Few of the Brampton councillors are willing to comment on the process or the issues raised in the Ontario Ombudsman’s report. Councillor Charmaine Williams said she has “grave concerns” and would be raising the report with the mayor and council. Bowman was much more courageous than his peers, voicing the same concern The Pointer has heard from more than 50 members of the public, and he suggests that residents take those concerns to the provincial Ombudsman, if they fear something sinister is going on here.

Brown, meanwhile, continues to land people around him who seem to fit his need for loyalty.

In August, a three-member committee which included Brown, hired Muneeza Sheikh, a Toronto labour lawyer, as the city’s new integrity commissioner, despite having no previous experience as an integrity commissioner and no apparent experience in municipal law. Afterward, it was learned that Sheikh, who often appears on political panels in the media, had previously expressed public political support for Brown when he was forced to step down as Ontario PC leader. It was also revealed that her husband’s company had been paid for work by the Ontario PC party while Brown was its leader.
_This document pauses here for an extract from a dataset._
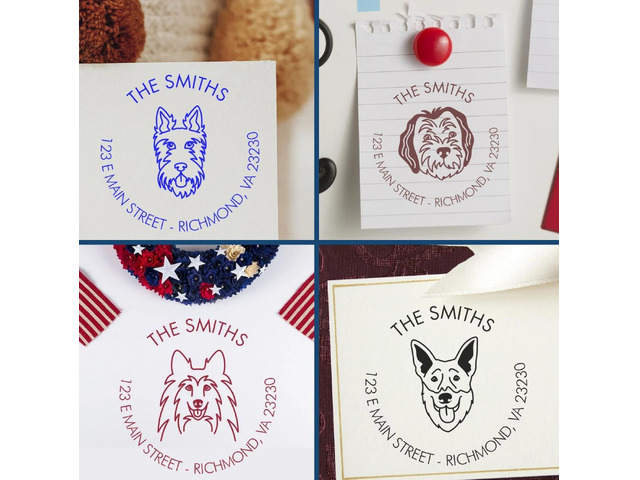 Custom Dog Address Stamp - Personalized Return Address Stamp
Brown at an event with Muneeza Sheikh in 2016 before he named her Brampton's new Integrity Commissioner 

One has to be naïve to think political leaders like Brown don’t insulate themselves with people they feel they can trust. The question for Brampton is whether it’s all being done just to protect his political career; or, if along with such loyalty, there is also an expectation by the mayor that these people protect Brampton and its taxpayers.

2020 is a common term for good vision. It also represents the new year, a seminal one in the history of Brampton.

Everything will come into sharper focus as this city tries to overcome a dark swarm of problems that plague it. But things promise to get much blurrier if the City’s hiring process has been politicized.

Brown deserves a chance. The recent hiring under his watch is obviously being orchestrated by him. He might have to get burned before realizing loyal soldiers aren’t much good if they can’t do the job.

History has proven kind to JFK, despite all his flaws and those of the men in his inner circle, some of whom led their country down a dark path after Kennedy was gone. Ultimately, in his short time as president, many of his key decisions were the right ones for his nation, even with some of the wrong people standing behind him.

For Patrick Brown, as 2020 begins, his team will be put to the test immediately. The integrity and wisdom of these men and women are not just a signal of his strength as a leader, they are crucial for the good governance of a city desperately trying to find its way.